**Task instructions**
From the first line through the one containing "Backpacks starting at", restate the listing word for word, and give no other lines.

**Records for the task**
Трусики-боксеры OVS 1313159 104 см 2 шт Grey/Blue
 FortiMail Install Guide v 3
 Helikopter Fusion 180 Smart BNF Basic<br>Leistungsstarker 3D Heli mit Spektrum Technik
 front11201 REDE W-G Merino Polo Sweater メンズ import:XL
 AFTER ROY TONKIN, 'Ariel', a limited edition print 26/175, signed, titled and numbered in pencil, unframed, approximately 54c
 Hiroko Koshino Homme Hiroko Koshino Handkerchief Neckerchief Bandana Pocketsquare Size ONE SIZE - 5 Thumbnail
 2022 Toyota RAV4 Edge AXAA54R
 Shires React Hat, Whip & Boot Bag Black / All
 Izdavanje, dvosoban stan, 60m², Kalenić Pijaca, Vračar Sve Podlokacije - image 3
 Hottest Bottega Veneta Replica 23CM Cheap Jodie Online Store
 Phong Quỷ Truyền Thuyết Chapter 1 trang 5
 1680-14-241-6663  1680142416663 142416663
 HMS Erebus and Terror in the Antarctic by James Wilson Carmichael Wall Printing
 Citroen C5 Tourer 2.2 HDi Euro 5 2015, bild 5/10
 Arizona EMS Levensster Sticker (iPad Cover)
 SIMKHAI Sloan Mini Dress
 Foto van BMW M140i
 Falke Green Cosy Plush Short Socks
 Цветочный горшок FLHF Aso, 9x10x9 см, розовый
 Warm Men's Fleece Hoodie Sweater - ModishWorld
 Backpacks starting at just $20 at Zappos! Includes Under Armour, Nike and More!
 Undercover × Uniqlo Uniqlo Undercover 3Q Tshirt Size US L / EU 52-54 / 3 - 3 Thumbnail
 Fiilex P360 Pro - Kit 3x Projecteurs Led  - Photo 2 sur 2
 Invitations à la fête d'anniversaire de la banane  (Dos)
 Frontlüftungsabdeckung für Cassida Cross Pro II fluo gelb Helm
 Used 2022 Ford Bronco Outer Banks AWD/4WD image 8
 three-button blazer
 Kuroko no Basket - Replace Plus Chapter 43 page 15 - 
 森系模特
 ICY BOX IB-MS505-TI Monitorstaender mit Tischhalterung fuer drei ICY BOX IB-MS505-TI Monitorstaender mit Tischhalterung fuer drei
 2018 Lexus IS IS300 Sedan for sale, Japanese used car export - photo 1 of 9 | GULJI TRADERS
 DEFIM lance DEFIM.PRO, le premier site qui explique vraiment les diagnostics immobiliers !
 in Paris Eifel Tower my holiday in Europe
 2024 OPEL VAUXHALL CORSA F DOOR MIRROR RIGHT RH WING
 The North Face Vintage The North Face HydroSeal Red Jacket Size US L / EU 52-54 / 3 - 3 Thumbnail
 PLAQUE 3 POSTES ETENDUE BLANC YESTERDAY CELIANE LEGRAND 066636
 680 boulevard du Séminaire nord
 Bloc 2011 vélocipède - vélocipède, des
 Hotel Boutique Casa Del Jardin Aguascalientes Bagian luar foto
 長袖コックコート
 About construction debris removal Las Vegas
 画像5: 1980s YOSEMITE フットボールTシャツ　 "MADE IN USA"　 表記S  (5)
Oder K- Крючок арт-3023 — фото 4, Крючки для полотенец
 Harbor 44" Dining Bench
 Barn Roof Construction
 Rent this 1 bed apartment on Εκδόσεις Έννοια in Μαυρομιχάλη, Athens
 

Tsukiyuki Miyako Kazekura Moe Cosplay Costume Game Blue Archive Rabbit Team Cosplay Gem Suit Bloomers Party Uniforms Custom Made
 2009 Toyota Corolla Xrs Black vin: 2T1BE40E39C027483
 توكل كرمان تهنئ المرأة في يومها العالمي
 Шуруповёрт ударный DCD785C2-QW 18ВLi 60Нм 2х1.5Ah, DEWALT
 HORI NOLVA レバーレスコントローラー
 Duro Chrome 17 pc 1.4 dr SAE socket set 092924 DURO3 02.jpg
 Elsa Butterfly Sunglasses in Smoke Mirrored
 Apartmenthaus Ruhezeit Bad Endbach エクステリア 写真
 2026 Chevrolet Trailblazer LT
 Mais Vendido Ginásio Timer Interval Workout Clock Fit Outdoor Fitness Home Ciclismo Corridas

**Finished exercise**
Трусики-боксеры OVS 1313159 104 см 2 шт Grey/Blue
 FortiMail Install Guide v 3
 Helikopter Fusion 180 Smart BNF Basic<br>Leistungsstarker 3D Heli mit Spektrum Technik
 front11201 REDE W-G Merino Polo Sweater メンズ import:XL
 AFTER ROY TONKIN, 'Ariel', a limited edition print 26/175, signed, titled and numbered in pencil, unframed, approximately 54c
 Hiroko Koshino Homme Hiroko Koshino Handkerchief Neckerchief Bandana Pocketsquare Size ONE SIZE - 5 Thumbnail
 2022 Toyota RAV4 Edge AXAA54R
 Shires React Hat, Whip & Boot Bag Black / All
 Izdavanje, dvosoban stan, 60m², Kalenić Pijaca, Vračar Sve Podlokacije - image 3
 Hottest Bottega Veneta Replica 23CM Cheap Jodie Online Store
 Phong Quỷ Truyền Thuyết Chapter 1 trang 5
 1680-14-241-6663  1680142416663 142416663
 HMS Erebus and Terror in the Antarctic by James Wilson Carmichael Wall Printing
 Citroen C5 Tourer 2.2 HDi Euro 5 2015, bild 5/10
 Arizona EMS Levensster Sticker (iPad Cover)
 SIMKHAI Sloan Mini Dress
 Foto van BMW M140i
 Falke Green Cosy Plush Short Socks
 Цветочный горшок FLHF Aso, 9x10x9 см, розовый
 Warm Men's Fleece Hoodie Sweater - ModishWorld
 Backpacks starting at just $20 at Zappos! Includes Under Armour, Nike and More!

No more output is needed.